'Discriminatory' religion decree condemned

Christian organizations have agreed on a plan to file a class action against the government for maintaining a joint decree on the construction of places of worship.

They insisted that the decree, issued in 1969 by then religious affairs minister Mohammad Dahlan and home affairs minister Amir Machmud, went against human rights and principles of religious freedom.

"The decree is contrary to Article 29 of the Constitution, which guarantees citizens the right to choose their belief and perform their religious duties," Indonesian Communion of Churches chairman Nathan Setiabudi said.

Joint ministerial decree No.1/BER/mdn-mag/1969, on the government's responsibility to regulate in an orderly manner the construction of places of worship and religious activities, requires a religious community to seek approval from the local administration in the event that a place of worship is built. The local authorities can consult leaders of other religious communities or organizations before approving the proposal.

Nathan said the consultation forum was in many cases considered compulsory.

"Very often, consultation was carried out with the intention of registering objection to the construction of places of worship," said Nathan.

Muslims account for about 85 percent of the country's population of 215 million, making Indonesia the world's largest Muslim country.

A man, who requested anonymity, told The Jakarta Post he had been waiting for more than 10 years to build a church in Bandung.

"We were told that some 30 people in the neighborhood opposed our plan to build a church, but subsequently we discovered that more than 300 people had signed a petition demanding the plan be scrapped," the man said.

He later learned that the additional signatories were people outside the neighborhood.

The lawyer representing Christian organizations, Habiburokhman, said he would file the class action with the Central Jakarta District Court at the end of this month.

"We shall ask the government to revoke the ministerial decree and apologize to affected citizens," he said.

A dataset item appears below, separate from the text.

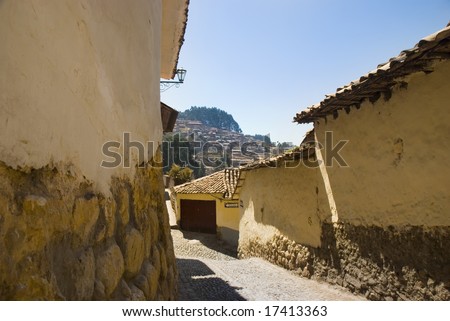View of a street in cusco. The buildings are made of adobe with a stone foundation. Cusco, Peru, South America.
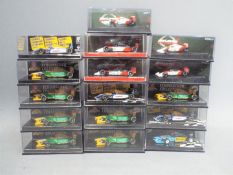 Minichamps - 16 boxed F1 racing cars by Minichamps in 1;64 and !;87 scale.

He said his clients had dropped their plan to seek help from presidential candidates, saying they were afraid the candidates, if elected, would break their promises.

Christian groups raised the issue with then President Abdurrahman Wahid; his successor, Megawati Soekarnoputri, has almost completed her term but the issue remains unaddressed.

Separately, Masdar Mas'udi, acting chairman of the country's largest Muslim organization, Nahdlatul Ulama, said he would study the joint decree carefully.

"If its implementation discriminates against certain religious groups and fails to uphold justice, the government should withdraw it," he said.

He suspected discrimination of this type affected Muslim communities living in predominantly non-Muslim regions, such as Papua and East Nusa Tenggara.

He agreed that although the construction of a place of worship needed to be handled differently to other types of development, the government's role should be minimal.

"A place of worship is a sacred building, but many of the projects to build have been abused. To build a mosque, a 40-strong council is required to make 'preparations' for its construction." he said.